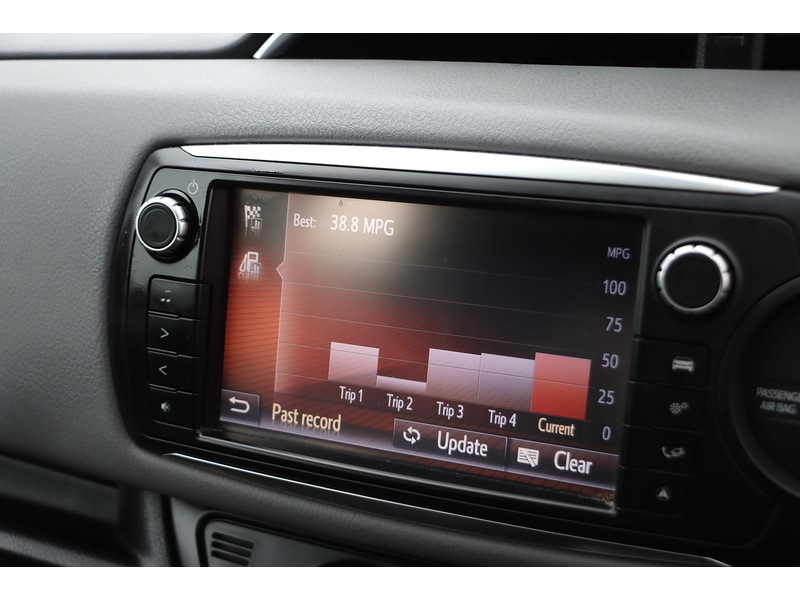 Used Toyota Yaris 2015 for sale - 77452656: Photo 9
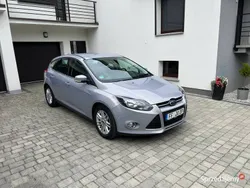 Szary Używany 2012 Ford Focus Titanium Hatchback | 22 800 zł (Uczciwa cena)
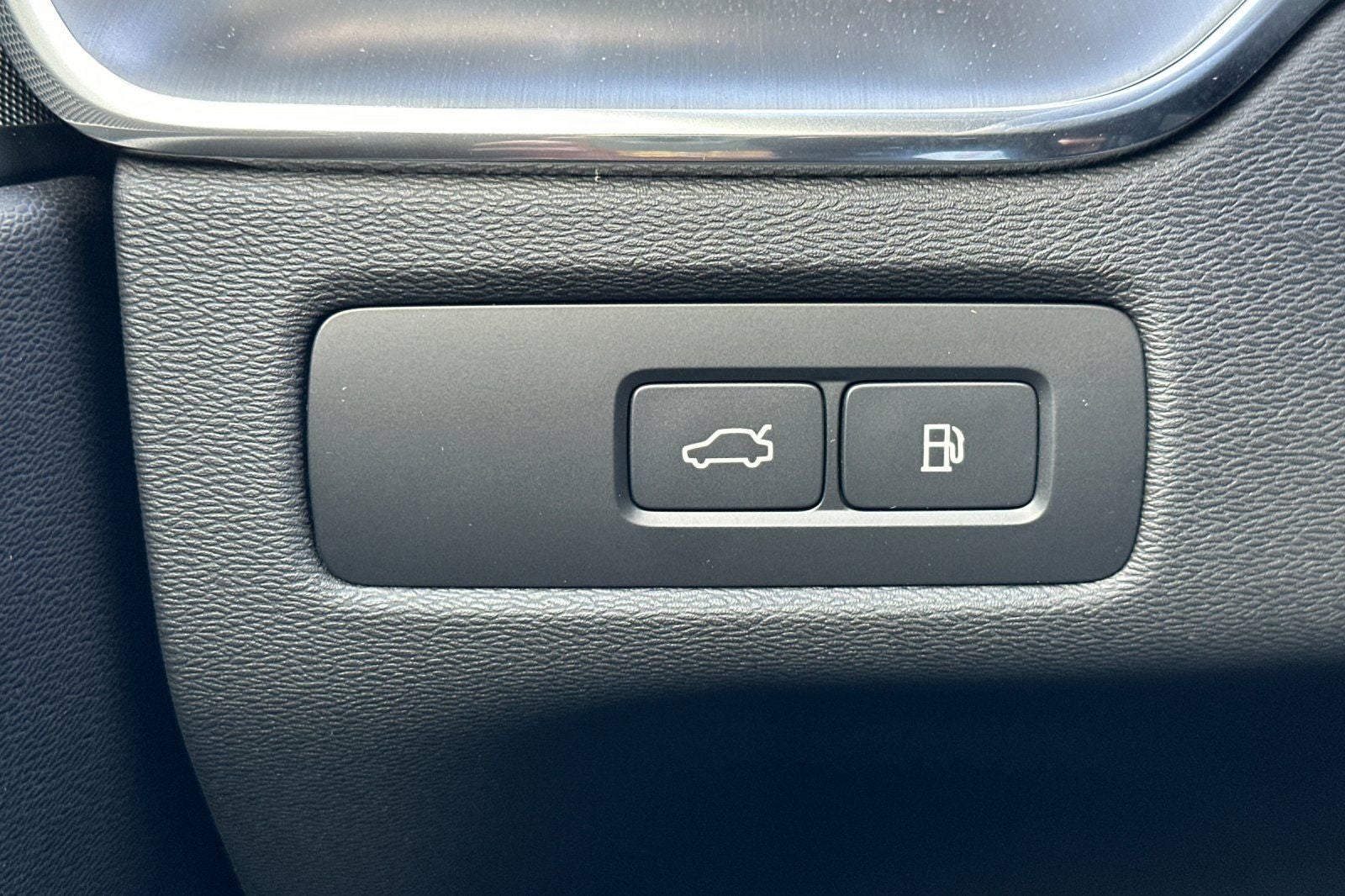 2025 Volvo XC60 Plug-In Hybrid T8 Core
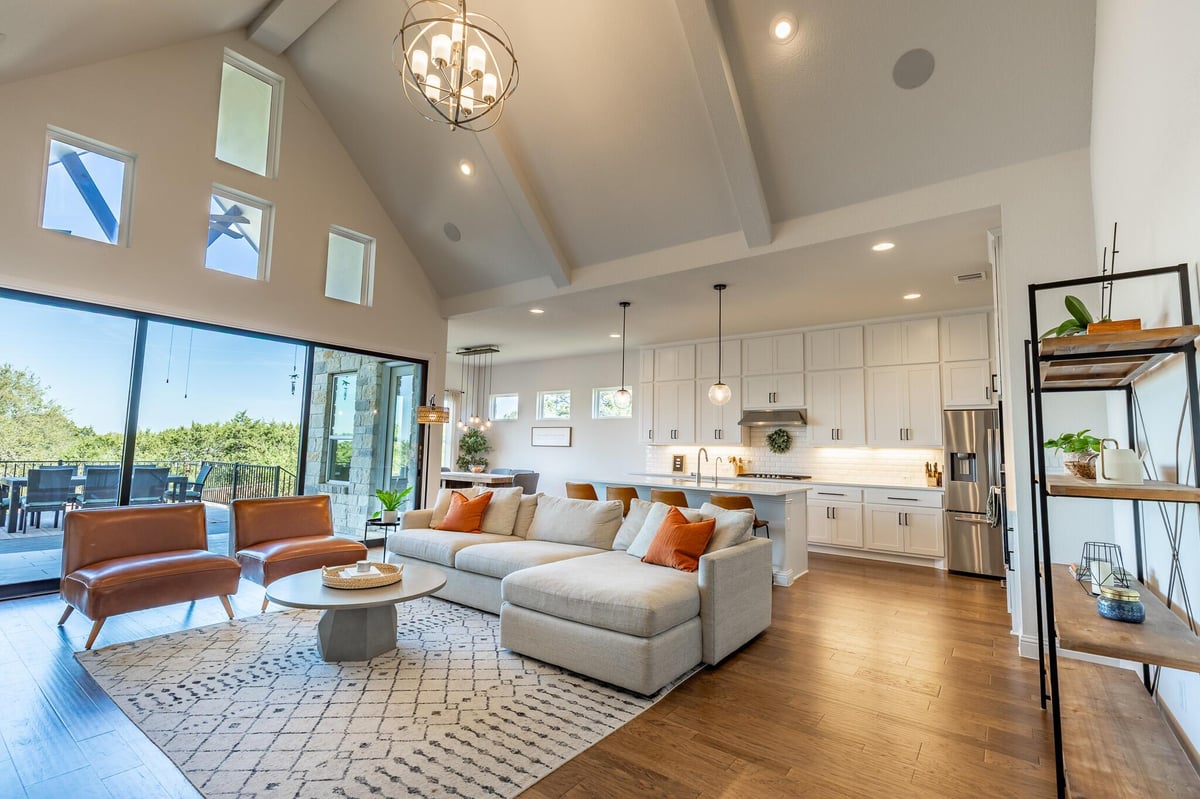 Living area at 812 Palamos Dr - 3 bed 2 bath home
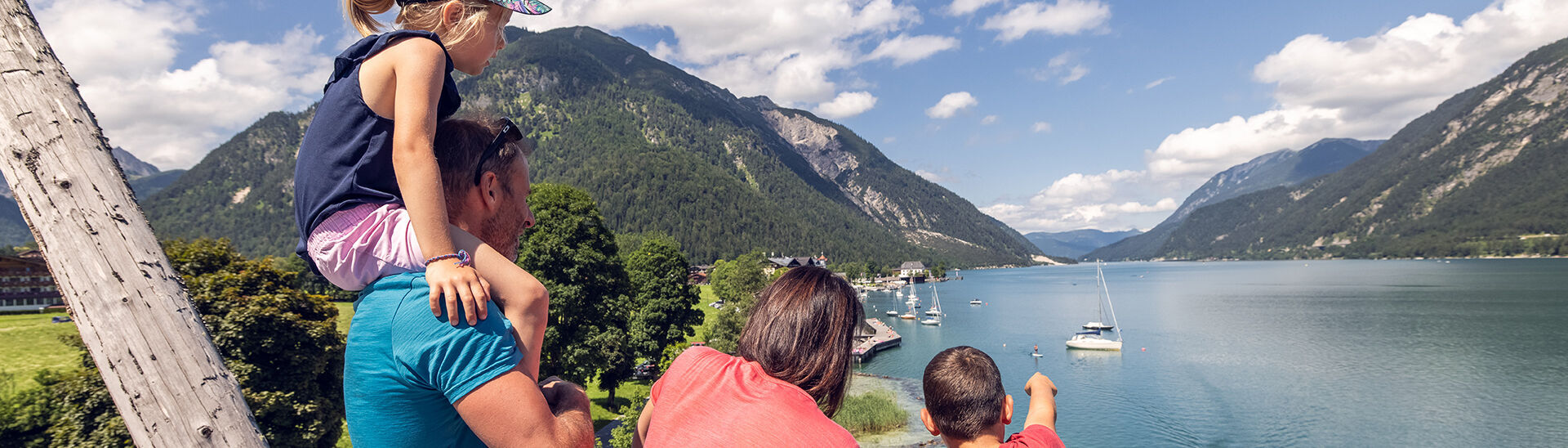 Familienausflug zum Hochsteg in Pertisau Der 14 Meter hohe Steg in Pertisau am Achensee ist ein Highlight der Region und ein gern besuchtes Ausflugsziel für Familien.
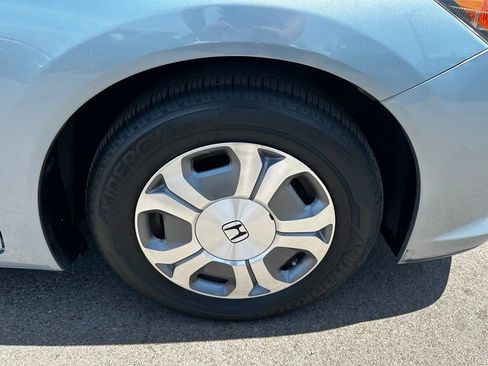 Used 2012 Honda Civic Hybrid Sedan image 13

**Task item**
In the copy, include every line of the records exactly and none of the images.

**Written response**
 Used Toyota Yaris 2015 for sale - 77452656: Photo 9
 Szary Używany 2012 Ford Focus Titanium Hatchback | 22 800 zł (Uczciwa cena)
 2025 Volvo XC60 Plug-In Hybrid T8 Core
 Living area at 812 Palamos Dr - 3 bed 2 bath home
 Familienausflug zum Hochsteg in Pertisau Der 14 Meter hohe Steg in Pertisau am Achensee ist ein Highlight der Region und ein gern besuchtes Ausflugsziel für Familien.
 Used 2012 Honda Civic Hybrid Sedan image 13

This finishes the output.